=== Section Start ===

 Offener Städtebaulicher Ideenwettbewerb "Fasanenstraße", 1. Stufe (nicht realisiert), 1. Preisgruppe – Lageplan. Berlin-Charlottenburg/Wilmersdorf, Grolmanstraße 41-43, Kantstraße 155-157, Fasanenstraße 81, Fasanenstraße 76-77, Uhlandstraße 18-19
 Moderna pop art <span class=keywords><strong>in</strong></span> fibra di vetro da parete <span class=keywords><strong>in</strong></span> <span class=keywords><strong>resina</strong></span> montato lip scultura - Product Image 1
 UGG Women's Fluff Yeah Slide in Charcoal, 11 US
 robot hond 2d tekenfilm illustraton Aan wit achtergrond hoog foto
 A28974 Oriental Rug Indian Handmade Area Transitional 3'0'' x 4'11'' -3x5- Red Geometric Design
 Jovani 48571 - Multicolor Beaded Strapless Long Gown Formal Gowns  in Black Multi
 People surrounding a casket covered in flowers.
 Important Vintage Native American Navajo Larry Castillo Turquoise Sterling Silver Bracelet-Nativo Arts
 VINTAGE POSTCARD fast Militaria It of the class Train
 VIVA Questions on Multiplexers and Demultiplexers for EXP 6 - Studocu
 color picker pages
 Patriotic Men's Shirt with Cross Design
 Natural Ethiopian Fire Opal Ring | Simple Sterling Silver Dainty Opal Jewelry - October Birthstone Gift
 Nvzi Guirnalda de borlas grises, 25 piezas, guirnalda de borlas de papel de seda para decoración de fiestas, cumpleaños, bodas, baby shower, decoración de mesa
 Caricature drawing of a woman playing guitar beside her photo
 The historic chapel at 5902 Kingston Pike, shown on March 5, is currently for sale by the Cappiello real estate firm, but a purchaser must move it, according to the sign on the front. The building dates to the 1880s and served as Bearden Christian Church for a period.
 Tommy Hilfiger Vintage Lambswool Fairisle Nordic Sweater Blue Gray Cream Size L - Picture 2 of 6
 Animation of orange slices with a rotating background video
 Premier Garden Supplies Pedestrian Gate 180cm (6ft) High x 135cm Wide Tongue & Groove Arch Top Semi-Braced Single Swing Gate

=== Section End ===

> Work task:
Nothing in the material may change; reproduce it all.

> Task output:
 Offener Städtebaulicher Ideenwettbewerb "Fasanenstraße", 1. Stufe (nicht realisiert), 1. Preisgruppe – Lageplan. Berlin-Charlottenburg/Wilmersdorf, Grolmanstraße 41-43, Kantstraße 155-157, Fasanenstraße 81, Fasanenstraße 76-77, Uhlandstraße 18-19
 Moderna pop art <span class=keywords><strong>in</strong></span> fibra di vetro da parete <span class=keywords><strong>in</strong></span> <span class=keywords><strong>resina</strong></span> montato lip scultura - Product Image 1
 UGG Women's Fluff Yeah Slide in Charcoal, 11 US
 robot hond 2d tekenfilm illustraton Aan wit achtergrond hoog foto
 A28974 Oriental Rug Indian Handmade Area Transitional 3'0'' x 4'11'' -3x5- Red Geometric Design
 Jovani 48571 - Multicolor Beaded Strapless Long Gown Formal Gowns  in Black Multi
 People surrounding a casket covered in flowers.
 Important Vintage Native American Navajo Larry Castillo Turquoise Sterling Silver Bracelet-Nativo Arts
 VINTAGE POSTCARD fast Militaria It of the class Train
 VIVA Questions on Multiplexers and Demultiplexers for EXP 6 - Studocu
 color picker pages
 Patriotic Men's Shirt with Cross Design
 Natural Ethiopian Fire Opal Ring | Simple Sterling Silver Dainty Opal Jewelry - October Birthstone Gift
 Nvzi Guirnalda de borlas grises, 25 piezas, guirnalda de borlas de papel de seda para decoración de fiestas, cumpleaños, bodas, baby shower, decoración de mesa
 Caricature drawing of a woman playing guitar beside her photo
 The historic chapel at 5902 Kingston Pike, shown on March 5, is currently for sale by the Cappiello real estate firm, but a purchaser must move it, according to the sign on the front. The building dates to the 1880s and served as Bearden Christian Church for a period.
 Tommy Hilfiger Vintage Lambswool Fairisle Nordic Sweater Blue Gray Cream Size L - Picture 2 of 6
 Animation of orange slices with a rotating background video
 Premier Garden Supplies Pedestrian Gate 180cm (6ft) High x 135cm Wide Tongue & Groove Arch Top Semi-Braced Single Swing Gate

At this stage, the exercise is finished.